The paper Potential COVID-2019 3C-like Protease Inhibitors Designed Using Generative Deep Learning Approaches and the molecules themselves have been published on ResearchGate and ChemRxiv by researchers from Insilico Medicine. The biotech company began devoting part of its generative chemistry pipeline to designing novel drug-like inhibitors of 2019-nCoV on January 28. The researchers note that “None of the molecules have been synthesized or tested in vitro or in vivo. These are not drugs for 2019-nCov coronavirus. Expert medicinal chemists are encouraged to review and comment on the molecules in the article and on the website. ”
Most current efforts against the coronavirus are investing heavily on repurposing of clinically-approved drugs and virtual screening for molecules that are available from chemical libraries. Researchers have identified one of the key 2019-nCoV protein targets as the 3C-like protease for which the crystal structure is known. If a drug can be developed that inhibits conserved proteases it may be capable of preventing replication and proliferation of the virus. It could also reduce the risk of mutation mediated drug-resistance, allowing it to remain effective. For example, in the case of the SARS-CoV, which also belongs to the family of coronaviruses, inhibitors targeting the main protease were the most effective means to alleviate the epidemic.

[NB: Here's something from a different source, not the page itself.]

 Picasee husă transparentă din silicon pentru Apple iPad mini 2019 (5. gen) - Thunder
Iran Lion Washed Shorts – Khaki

Since the protease target for 2019-nCoV and its sequence and structure are known, Insilico researchers only applied the generative chemistry pipeline to generate possible drug-like hits. They used the generative pipeline for three input data types: crystal structure, homology models, and co-crystalized ligand. The generative deep learning approaches can automatically extract high-dimensional abstract information from the molecular structures without manual feature design. Also, they can learn the nonlinear mapping between molecular structures corresponding to the biological and pharmacological properties accordingly.
The team used 28 machine learning models to generate molecular structures during the generative phase and optimized the models with reinforcement learning leveraging the reward function. They deployed a wide variety of ML approaches to exploit various molecular representations — generative autoencoders, generative adversarial networks, genetic algorithms, etc. Every model was optimizing the reward function to exploit clusters and generate new molecules with high scores, and so after each launch of the generative pipeline researchers would select the highest-ranking structures for the next analysis. Insilico is actively publishing the novel compounds it has generated using these approaches. The company says that although it is synthesizing, testing, and optimizing some molecules using its own resources, it is also seeking collaborators to help with the process.

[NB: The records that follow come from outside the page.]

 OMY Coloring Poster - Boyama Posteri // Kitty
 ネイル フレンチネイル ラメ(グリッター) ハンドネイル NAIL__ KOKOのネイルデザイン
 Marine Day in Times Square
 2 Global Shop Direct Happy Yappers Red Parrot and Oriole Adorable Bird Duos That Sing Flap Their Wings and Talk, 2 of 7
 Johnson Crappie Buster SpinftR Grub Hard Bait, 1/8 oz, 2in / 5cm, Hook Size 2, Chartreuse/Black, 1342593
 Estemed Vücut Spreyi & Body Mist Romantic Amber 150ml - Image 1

The spread of the 2019-nCoV is having a deep global economic and societal impact. The lack of effective antiviral strategies to treat the spread and prevent infections has increased the risk of infection in populations. Just last week, MIT Technology Review named Insilico’s techniques for AI-discovered molecules one of its “10 Breakthrough Technologies 2020”. If the new AI-designed molecular structures can help free humanity from the 2019-nCoV epidemic they will be front-page news.
The paper Potential COVID-2019 3C-like Protease Inhibitors Designed Using Generative Deep Learning Approaches is on arXiv.